[Opening Recorded data section]
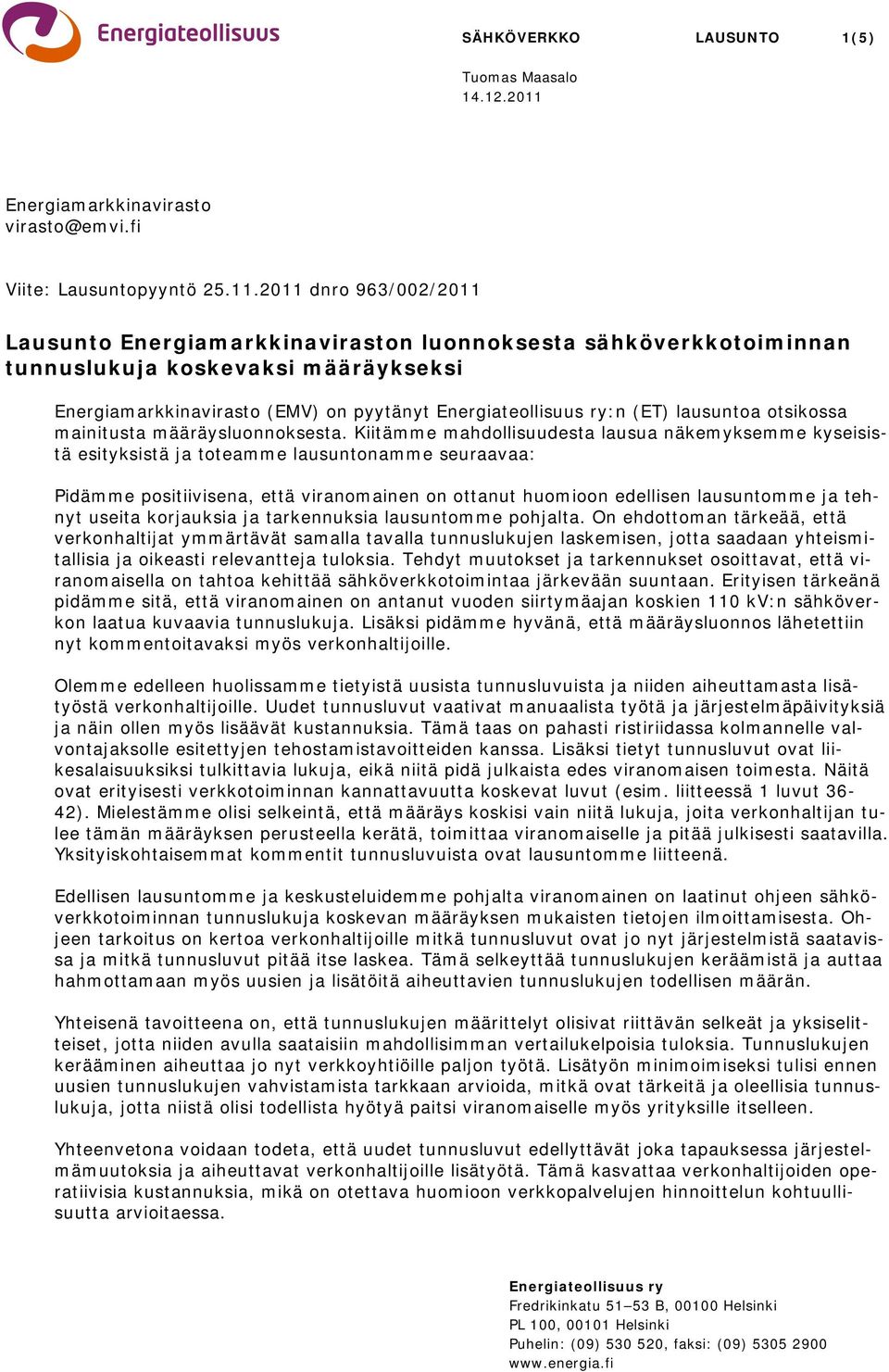 2011 dnro 963/002/2011 Lausunto Energiamarkkinaviraston luonnoksesta sähköverkkotoiminnan tunnuslukuja koskevaksi määräykseksi Energiamarkkinavirasto (EMV) on pyytänyt Energiateollisuus ry:n (ET)
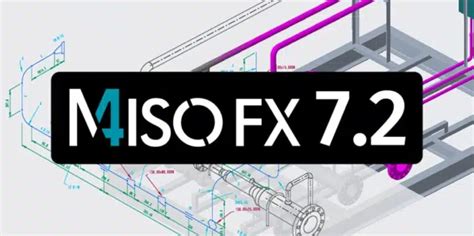 Cad Schroer Releases M Iso Fx V For Automated Piping Isometrics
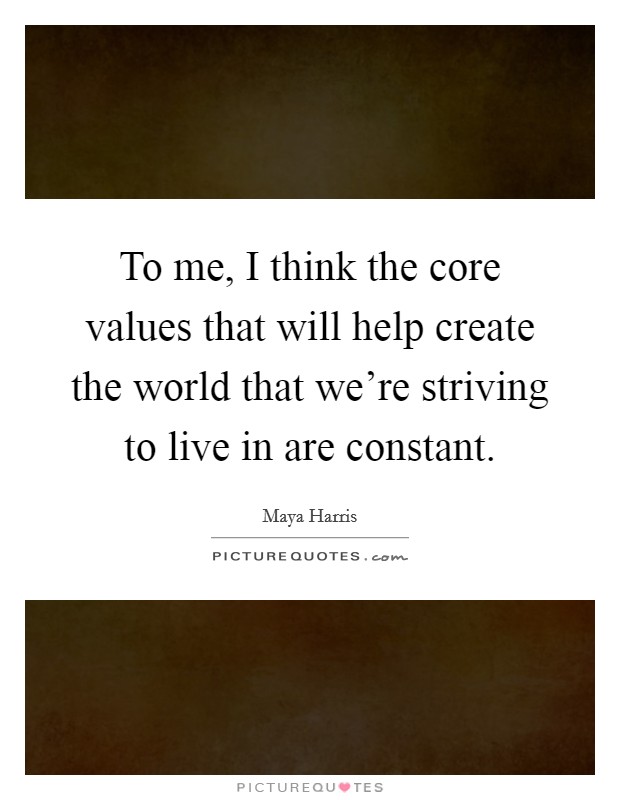To me, I think the core values that will help create the world that we're striving to live in are constant. Picture Quote #1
[Closing Recorded data section]
What this task involves:
Your answer must be an exact copy of the data above, minus its pictures.

Response to the task:
 2011 dnro 963/002/2011 Lausunto Energiamarkkinaviraston luonnoksesta sähköverkkotoiminnan tunnuslukuja koskevaksi määräykseksi Energiamarkkinavirasto (EMV) on pyytänyt Energiateollisuus ry:n (ET)
 Cad Schroer Releases M Iso Fx V For Automated Piping Isometrics
To me, I think the core values that will help create the world that we're striving to live in are constant. Picture Quote #1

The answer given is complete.